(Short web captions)
☆ ☆ ☆ ☆

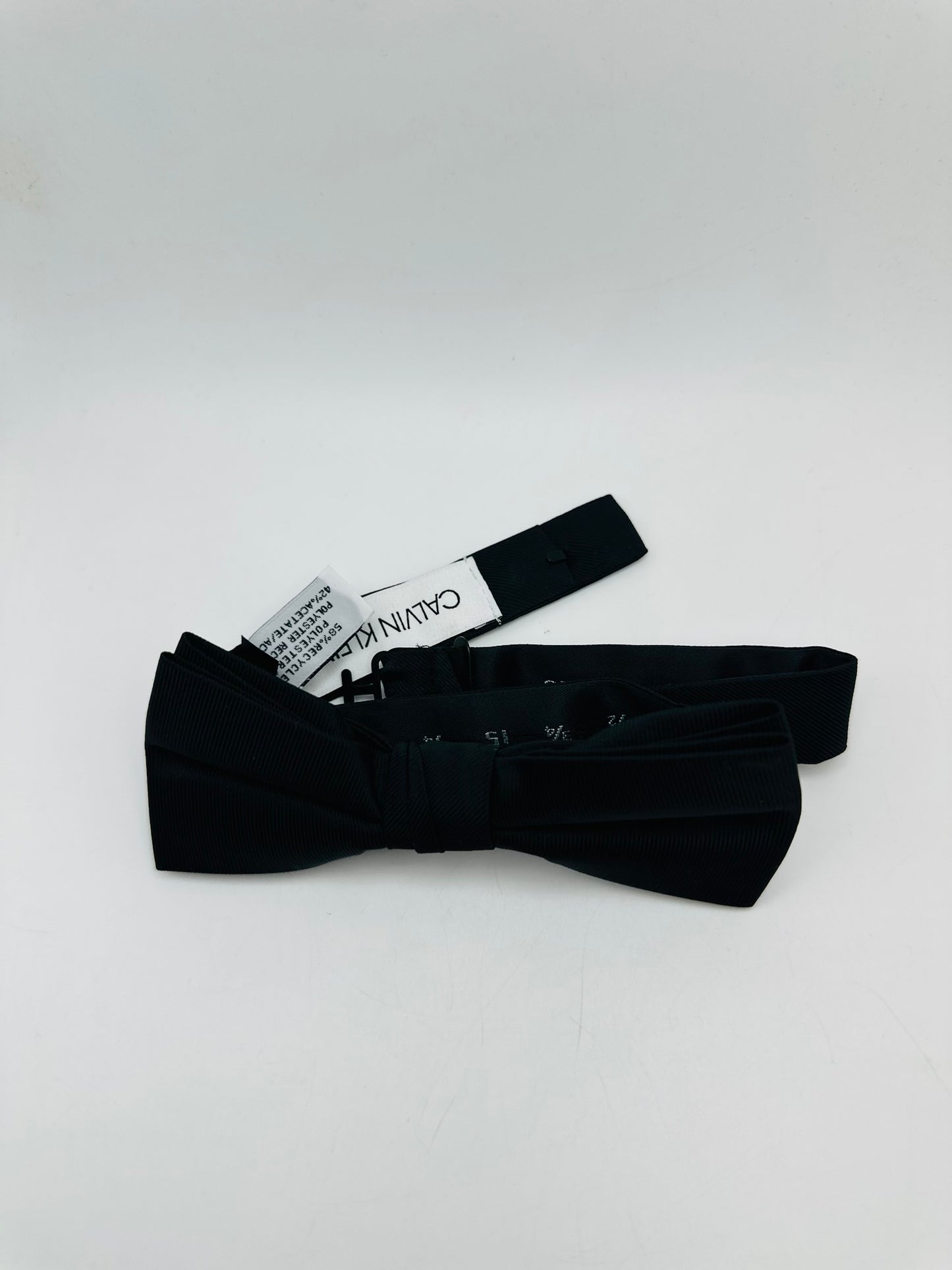 Calvin Klein tie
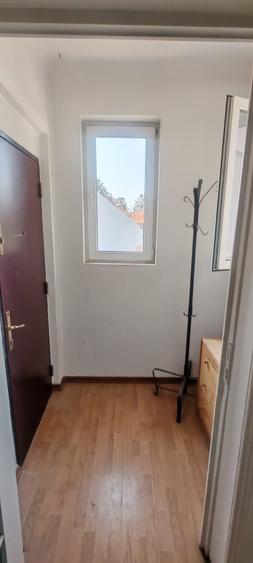 Apartament 3 camere  Eminescu Icoanei - 35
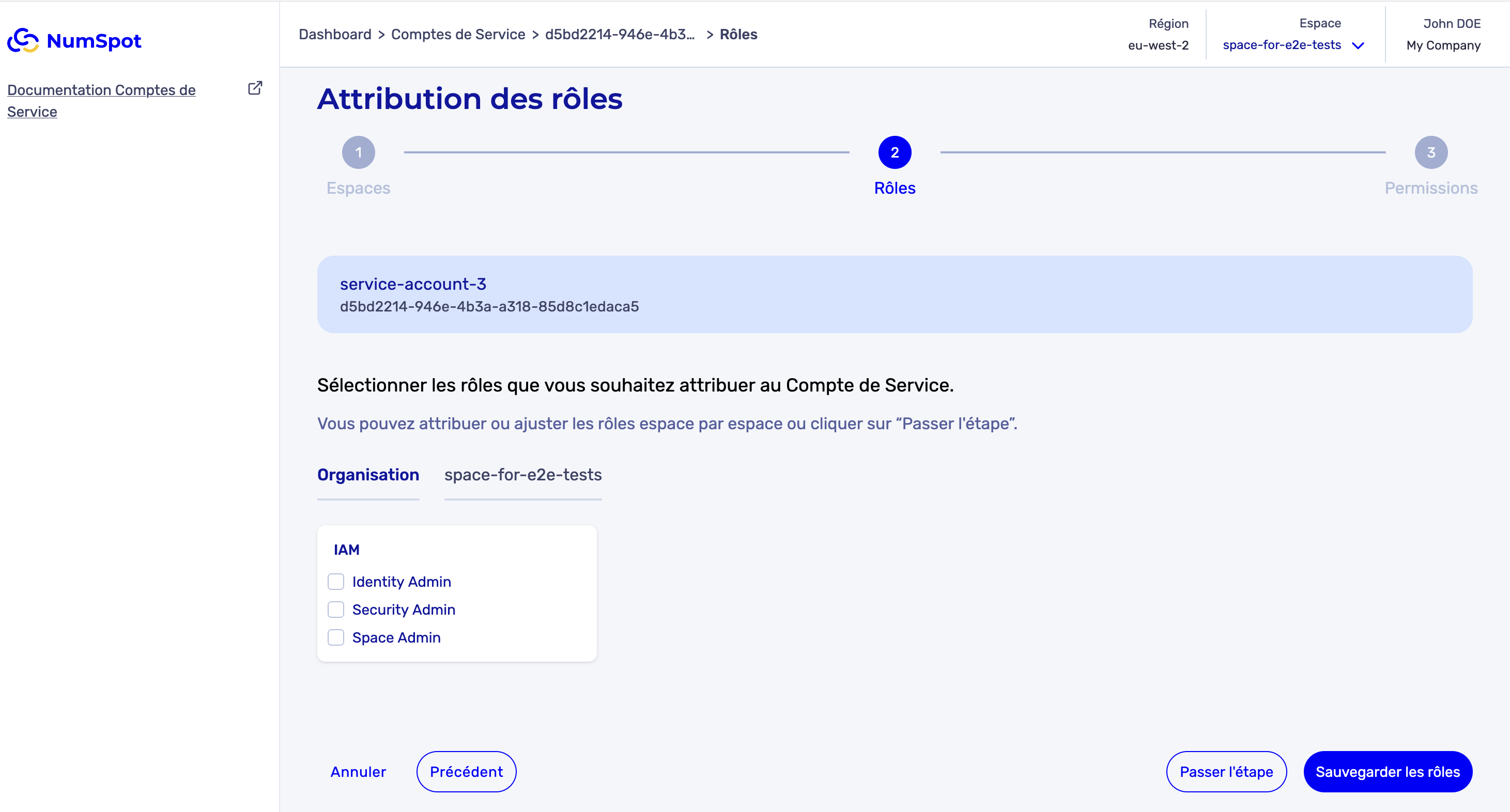 edit-service-account-roles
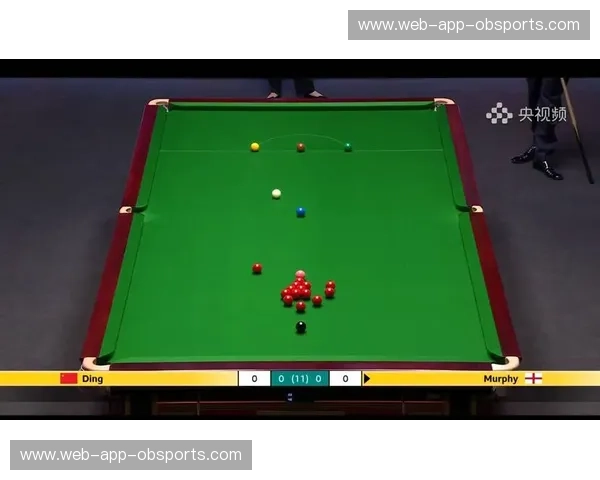 开云体育直播间:享受高清赛事直播,实时掌控每场比赛的精彩瞬间 开云体育直播间:享受高清赛事直播,实时掌控每场比赛的精彩瞬间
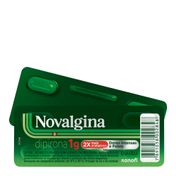 186988-novalgina-1000mg-sanofi-aventis-4-comprimidos.jpg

☆ ☆ ☆ ☆

WHAT THE EXERCISE ASKS
What you output must match the data exactly, apart from the pictures, which are left out.

REPLY
 Calvin Klein tie
 Apartament 3 camere  Eminescu Icoanei - 35
 edit-service-account-roles
 开云体育直播间:享受高清赛事直播,实时掌控每场比赛的精彩瞬间 开云体育直播间:享受高清赛事直播,实时掌控每场比赛的精彩瞬间
 186988-novalgina-1000mg-sanofi-aventis-4-comprimidos.jpg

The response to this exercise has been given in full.